I use a bottomless portafilter for the aesthetic but also to keep an eye on quality of the shot. I read where very skilled espresso makers here in the forum favour a single spouted portafilter over a bottomless. I am wondering why... are there advantages to the spout? Please enlighten me.?


----------



## 4085 (Nov 23, 2012)

I think when you are pretty confident in your shot prep, you do not need a naked to confirm things. originally, they were just used on an ad hoc basis by baristas to check the consistency. If you use a single, then that can also hide inconsistencies caused by bad prep that might show up on a double (uneven flow) or a naked


----------



## Mr Binks (Mar 21, 2019)

Some people swear that the naked portafilter also makes a difference because the shot drops straight into the glass without being disturbed by traveling through a spout thus preserving the Crema. As Crema doesn't really add anything from a flavour perspective this can only really be down to aesthetics.


----------



## Border_all (Dec 19, 2019)

One advantage of naked for me is the additional height for putting my cup directly under as it won't fit if i use standard portafilter


----------



## Deidre (Aug 13, 2019)

It just seems to me that all the pluses go with bottomless (including cleanup!).?‍♀? Certainly, if someone was having trouble with channelling, spirts or uneven shots, I can easily see the reason behind using a spout, need be, but there are experienced espresso folks who can prep a great puck, & they still opt for single spouts every time. Why? Just habit, maybe? From the days before bottomless, as dfk41 alluded to?

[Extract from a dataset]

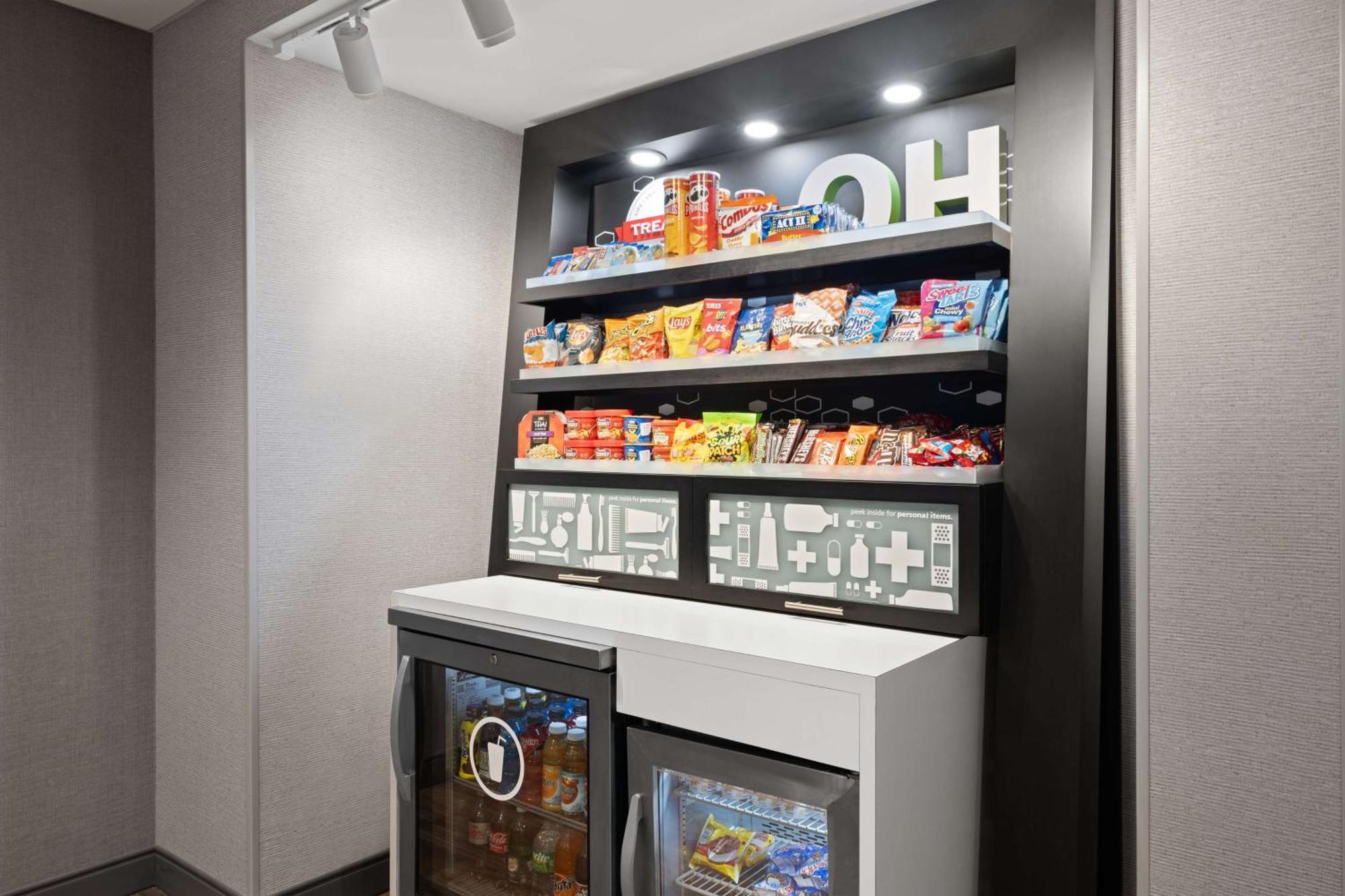 Hampton Inn Cleveland-Airport/Tiedeman Road Brooklyn Bagian luar foto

Hmmmm.... Curiouser & curioser!?


----------



## MildredM (Feb 13, 2017)

All the aforementioned pluses - but the main one being the clean-ness - no spouts to clean, or left to taint the next shot. I love to watch the even spread of first drops show under the basket, release the lever and then see the coming together ☺ It's all part of the enjoyment of the coffee making ritual ?


----------



## Agentb (Feb 11, 2017)

and tis also a lot easier to swap a basket out, but for me is the good/bad prep indicator.

And it it looks cool. ?

edit: The only downside is it might be a little lower temp in the cup but by the time it leaves the basket, all the chemistry has finished.


----------



## mathof (Mar 24, 2012)

There's also the matter of taste. This YouTube coffee influencer finds he prefers coffee that comes out of spouts:


----------



## Deidre (Aug 13, 2019)

Interesting that he finds an improvement in taste from spouted. Hmmmm, I wonder if that result would hold true with any type of roast, too, light or dark??

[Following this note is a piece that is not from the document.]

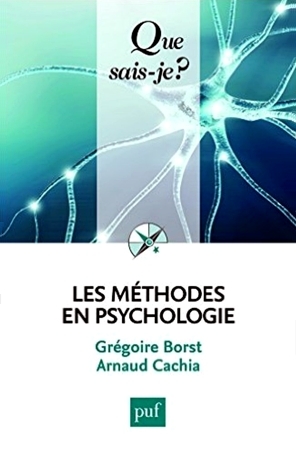 Les méthodes en psychologie (Mass Market Paperback)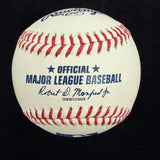 Justin Verlander Signed Baseball PSA/DNA LOA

I feel very handicapped when using a spouted portafilter; especially because I can't tell when to end my preinfusion if I can't see the sweat across the screen!?‍♀


----------



## MediumRoastSteam (Jul 7, 2015)

Ability to clean it by running under the tap on both sides and scrubbing the basket is the biggest selling point to me!


----------



## mctrials23 (May 8, 2017)

It's pretty isn't it. And let's be honest, that's why we all do it.


----------



## Deidre (Aug 13, 2019)

mctrials23 said:


> It's pretty isn't it. And let's be honest, that's why we all do it.


 Definitely!

And I can't figure out why some of the very skilled still prefer the spouted ones?‍♀. Myself, I don't get a better taste on the few occasions I've experimented with a single spout.?‍♀☺


----------



## mctrials23 (May 8, 2017)

I get the occasional bean that I just can't seem to dial in to get a nice pour on a naked PF but those are usually super light roasts. Sometimes I use a spouted PF for those but I damn well try to get a nice pour from a bottomless PF first.


----------



## TomHughes (Dec 16, 2019)

I always used to use a naked PF, I even ground the bottom of my sage to create one. 
Now I've gone back to spouted, there's something sexy about espresso dripping out of those spouts. 
Plus by dispersing the Crema a bit I've found it tastes better to me!


----------